The price of blue.
On this site a color costs one click to copy. It was not always so cheap. Here are five colors that were once worth a fortune — or a monopoly, or a lawsuit — each shown, as best a screen can, in its own color.
A pigment isn't one hex — it shifts with light, binder and age. Every panel below is labelled with an honest approximation, not a claim.
Ultramarine — the price of blue
Ground from lapis lazuli mined in the Sar-e-Sang valley of Afghanistan and carried overland to Europe, true ultramarine was at times priced above gold. Renaissance patrons wrote it into contracts by name — reserving the finest blue for the Virgin's robes was a display of budget as much as devotion.
Synthetic ultramarine, developed in the 1820s in pursuit of a prize, ended the monopoly. The color that had signaled wealth became, in a generation, just another tube of paint.
Mauveine — the accident
In 1856, eighteen-year-old chemistry student William Perkin was trying to synthesize quinine, the antimalarial, and failed — into a beaker of purple. Mauveine became the first commercial synthetic dye.

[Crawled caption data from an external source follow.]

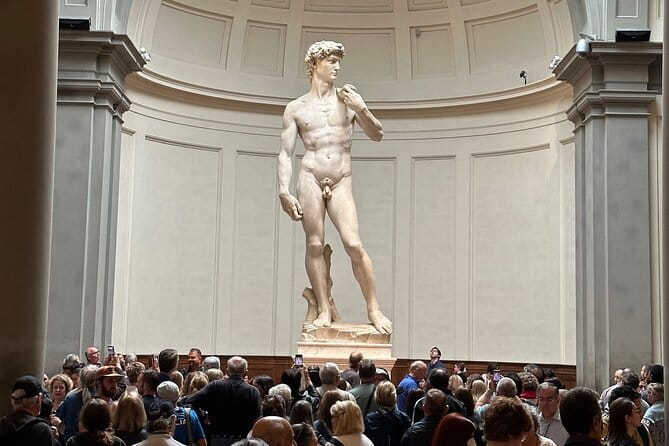 Skip the line : David Guided Experience - Quick hits for your hour with Michelangelo’s David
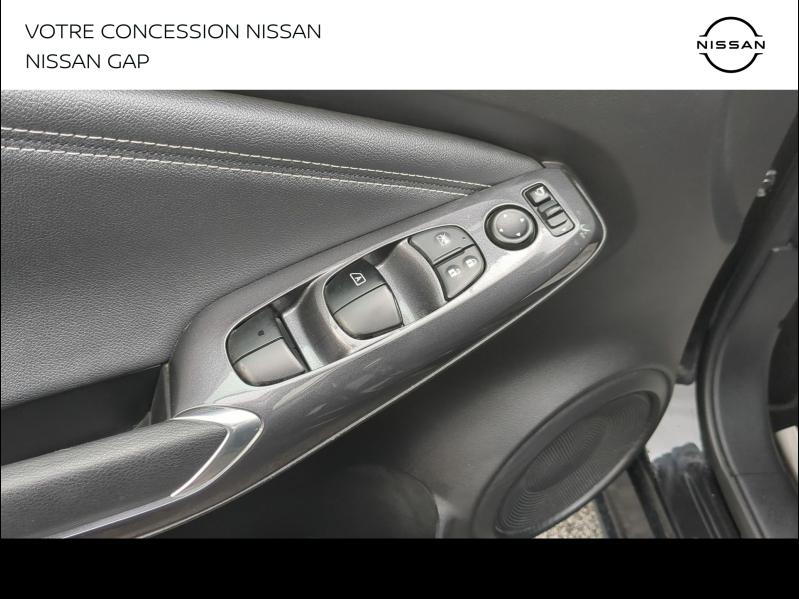 Photo 10 de l’annonce de NISSAN Juke d’occasion à vendre à GAP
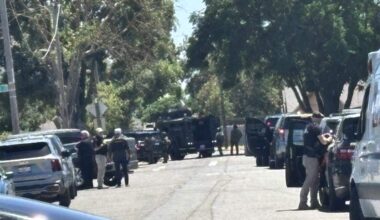 Suspect in Fresno officer shooting suffers self-inflicted gunshot wound during standoff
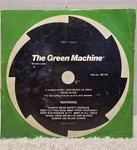 Green Machine Brush Cutter Blade #92140 Brand New. Fixed Price $44.99.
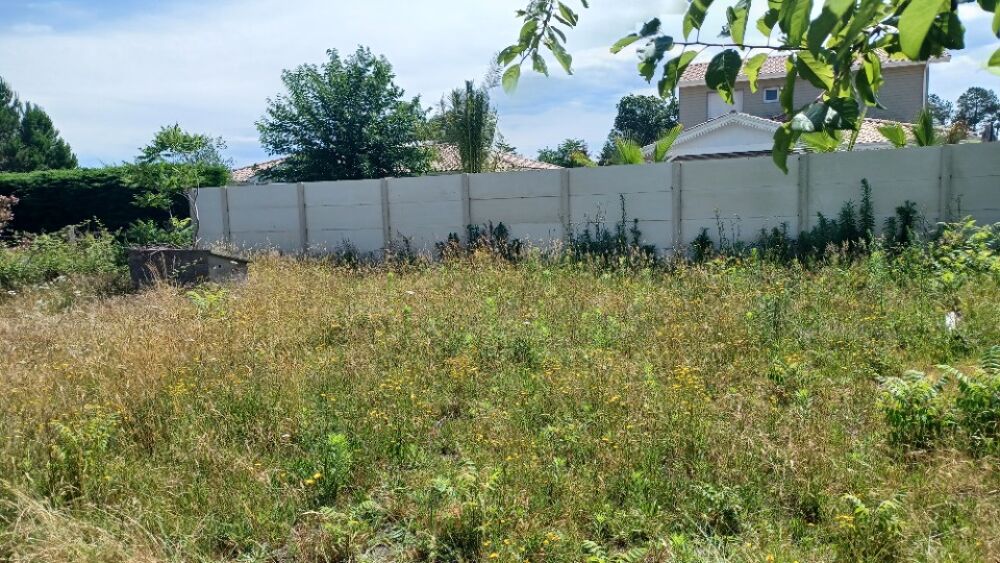 MAISON À CONSTRUIRE DE 85 M² À PARENTIS-EN-BORN. <BR....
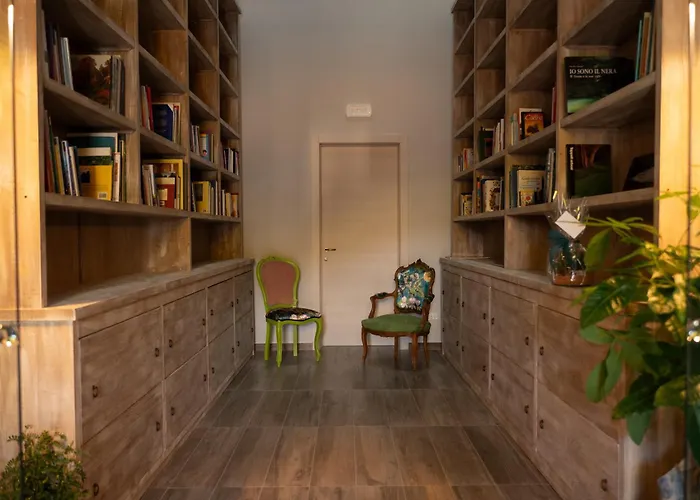 Il Vecchio Ippocastano (adults Only) アパート *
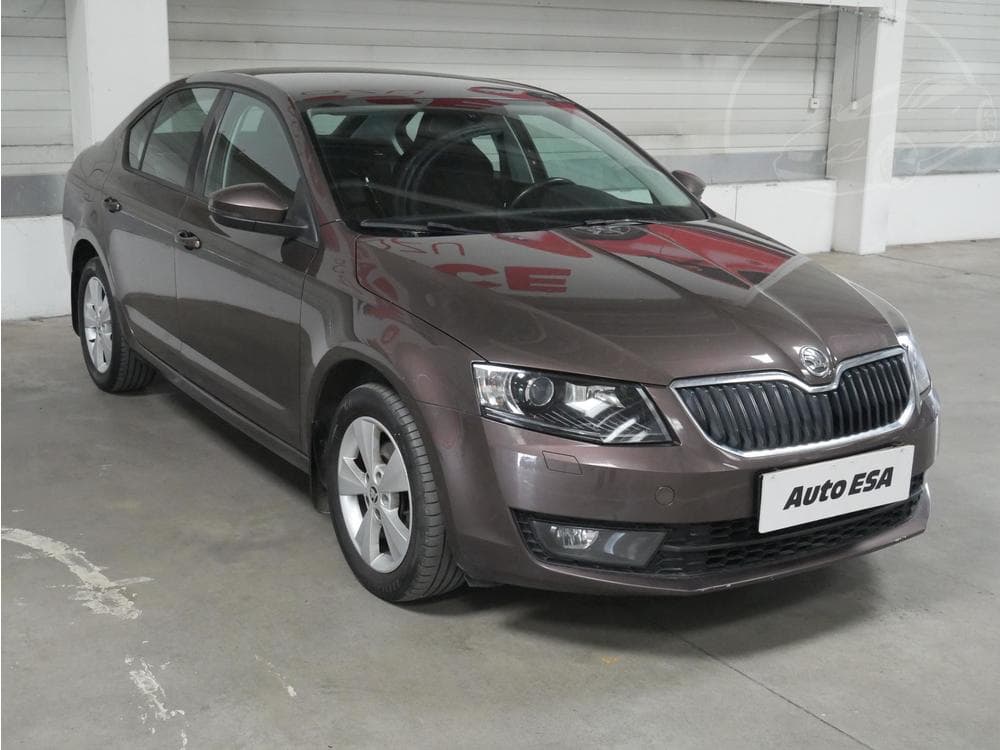 2013 Škoda OCTAVIA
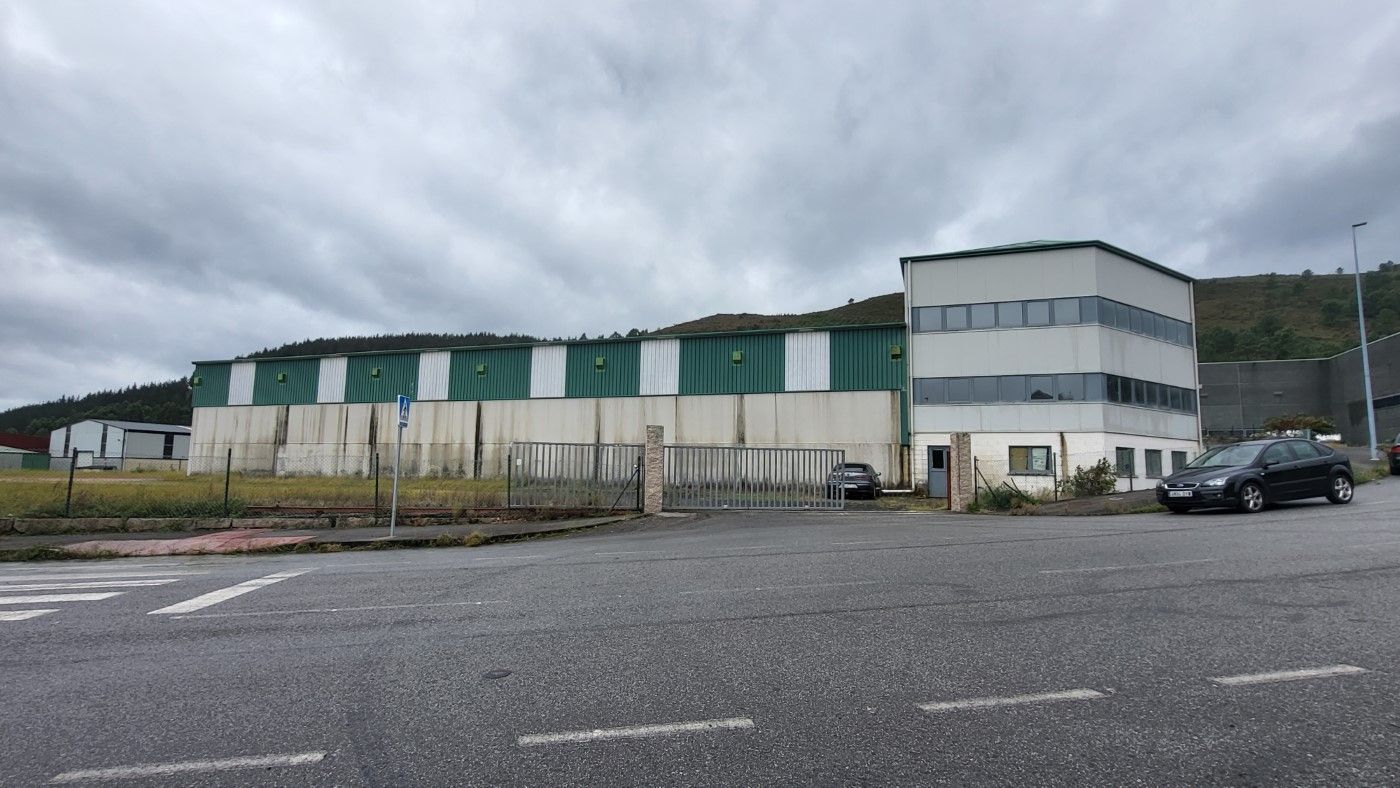 Exterior view of Industrial buildings for sale in Campo Lameiro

Within a decade coal-tar chemistry had made colors that had belonged to royalty into things anyone could wear, and founded the modern chemical industry. A failed drug turned out to be a color, and the color turned out to be an industry.
Tyrian purple — the original luxury
Made from the secretions of murex sea snails — commonly cited at thousands of snails for a single gram — Tyrian purple was the purple of Roman emperors, worth its weight in precious metal.
Its scarcity is why “royal purple” still sounds natural today: the phrase outlived the snails by two thousand years.
International Klein Blue
In 1960 the artist Yves Klein registered his matte ultramarine formulation — the binder, not the pigment, was the secret — via a French Soleau envelope. IKB became the rare color with an artist's name on it.
It is the same lapis blue from the first panel, four centuries on: no longer scarce, but claimed.
The web-safe 216
Early graphics cards showed 256 colors at once, and system software reserved 40; the remaining 216 formed a 6×6×6 cube every browser could count on. That is why 1990s sites all seemed to share one palette — and why hex steps of 00/33/66/99/CC/FF feel oddly canonical to this day.
The palettes on this site descend from a freedom the web only won later. When you build a gradient from any hex you like, you're spending a color budget these five never had.